Incidents make us feel uncomfortable. They remind us that we don’t have control, that the system can behave in ways that we didn’t expect. When an incident happens, the world doesn’t make sense.
A natural reaction to an incident is an effort to identify how the incident could have been avoided. The term for this type of effort is counterfactual reasoning. It refers to thinking about how, if the people involved had taken different actions, events would have unfolded differently. Here are two examples of counterfactuals:
- If the engineer who made the code change had written a test for feature X, then the bug would never have made its way into production.

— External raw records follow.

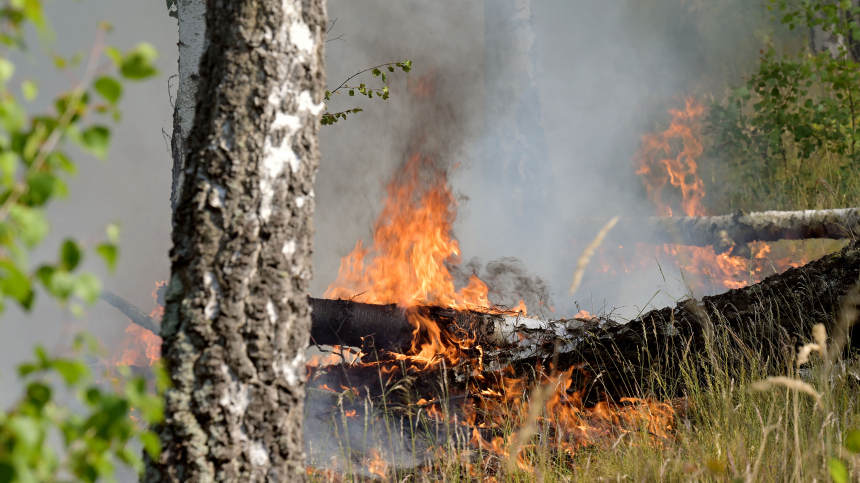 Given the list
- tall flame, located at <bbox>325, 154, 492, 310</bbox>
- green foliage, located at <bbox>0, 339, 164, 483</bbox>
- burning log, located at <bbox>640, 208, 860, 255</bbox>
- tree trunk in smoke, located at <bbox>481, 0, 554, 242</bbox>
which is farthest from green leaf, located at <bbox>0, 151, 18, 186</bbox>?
Answer: tree trunk in smoke, located at <bbox>481, 0, 554, 242</bbox>

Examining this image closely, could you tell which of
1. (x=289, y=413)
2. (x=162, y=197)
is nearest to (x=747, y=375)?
(x=289, y=413)

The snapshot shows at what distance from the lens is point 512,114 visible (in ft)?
18.0

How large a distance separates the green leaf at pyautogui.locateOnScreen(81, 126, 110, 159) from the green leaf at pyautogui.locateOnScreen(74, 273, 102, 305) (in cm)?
15

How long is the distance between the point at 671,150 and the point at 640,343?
18.6ft

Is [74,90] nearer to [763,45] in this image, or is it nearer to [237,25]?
[237,25]

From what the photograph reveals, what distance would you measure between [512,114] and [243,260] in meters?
4.74

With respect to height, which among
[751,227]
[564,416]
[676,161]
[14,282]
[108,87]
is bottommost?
[564,416]

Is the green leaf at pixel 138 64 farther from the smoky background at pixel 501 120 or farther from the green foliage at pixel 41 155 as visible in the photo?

- If the team members had paid attention to the email alerts that had fired, they would have diagnosed the problem much sooner.
Counterfactual reasoning is comforting because it restores the feeling that the world makes sense. What felt like a surprise is, in fact, perfectly comprehensible. What’s more, it could even have been avoided, if only we had taken the right actions and paid attention to the right signals.
While counterfactual reasoning helps restore our feeling that the world makes sense, the problem with it is that it doesn’t help us get better at avoiding or dealing with future incidents. The reason it doesn’t help is that counterfactual reasoning gives us an excuse to avoid the messy problem of understanding how we missed those obvious-in-retrospect actions and signals in the first place.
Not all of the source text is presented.